Questions from https://coderefinery.github.io/social-coding/social_coding/

  • Did you ever share your code? If yes, what motivated you?

    • yes, getting credit for it. :+1:
    • yes, motivated by making it used and useful, cited, credited, peer-reviewed :+1: :+1: :+1:
    • Yes, along a paper
    • Yes, hoping somebody else builds upon it.:+1:
    • Yes, hoping for my hard work to make more waves than what I could have achieved alone (Ended up with someone publishing in Nature using my code :D )
    • YES because I hate when other people don't do it, so I need to do it myself also.
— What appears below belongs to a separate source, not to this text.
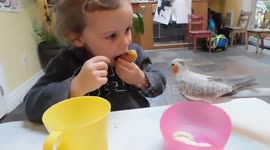 Alaskan Malamute Sojou on best behaviour with Phoebe Cockatiel
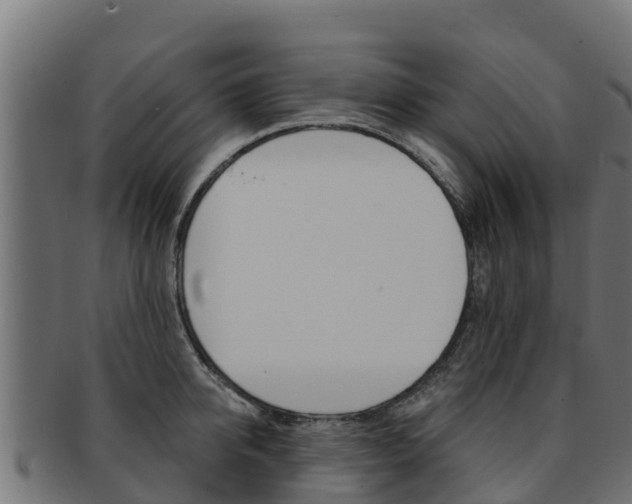 X0000092320950200709141048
To enable reproducility.:+1: :+1: :+1: :+1:
    • yes, usable for others :+1: :+1: :+1:
    • Yes, for openness and transparency :+1: :+1: :+1:
    • getting by more easily when other, more skilled, people give help :+1:
    • Share with students that work with me on research or master thesis :+1:
    • yes, I was inspired by the community that shared so much useful software over the years! :+1:
    • Yes, I had to share my code used in my thesis/article once published :+1:
    • Yes, to get more citations.
    • Yes, so it can used and cited
    • Yes, to make the analysis reproducible for others
    • Yes, to make sure I have access to it after the end of a post-doc :+1:
    • Only smaller codes, but we are in the process of releasing all our projects as open source.
  • Come up with reasons for sharing your scripts/code/data

    • Get attribution and recognition for your work when others use it -> build my "reputation"
    • Allow others to "play" with data and functions
    • It will be more easily found next time I need it
    • Further develop your idea among other researchers.++++++++++++++++++++++++++ :+1:
    • Get a peer review/feedback on your work :+1:
    • increase relevance of research outputs
    • Find the bugs/mistakes
    • Get advice on how to improve your code from strangers
    • get good improvement suggestions
    • Have license to use it after moving to another institution
    • It pushes me to have everything recorded and versioned. It will make my life much easier later!
    • reproduciblity, citability: everyone in our field is working with closed source codes, making reproduciblity an issue (especially since many published results are questionable)
    • sharing best practices - it is a huge waste of time that everyone re-invents the same wheels, falling in the same pitfalls/errors that wastes months/years
  • Also think about reasons for not sharing

    • cutting-edge technology is strategically important: I might want to keep this advantage for a bit before releasing it to competitors. :+1:
    • WIP which is senstive for a license etc.
    • Not complete/functional yet :+1: :+1: :+1:
    • Fear of not previously found mistakes becoming public
    • Fear of criticism
    • Embarrassment about own code practice and of not following some overlooked standard. :+1: :+1: :+1: :+1: :+1: :+1: :+1: :+1:
    • Fear to someone else get ahead of you.:+1:
    • Sensetive data/thrid party agreaments (with industry for example)
    • Time taken to curate data etc and allow other people to make sense of what was done, recorded etc
    • the expectations of others might be too high (in terms of generality) and this will result in a negative judgment on my research-level code. :+1:
    • competitive field of research
    • Not allowed, employer makes the decision
    • Embarrassment about it being not properly structured etc :+1: :+1:
      • I would also not like to upload crappy code, but at the same time I would rather someone uploaded crappy code than nothing at all...
    • It takes a lot of time to make my code truly useful to others - so I don't share it unless I actually believe someone might use it/find it interesting
    • too simple scripts
    • if there are bug/errors and not completed yet.
    • for those without formal programming education: embarrassing to share working but not elegant scripts
    • not be banned by software companies that bann you if you share the performance data for their software...
  • Come up a question, now we know where to share, is there a good/easy way to search for scripts?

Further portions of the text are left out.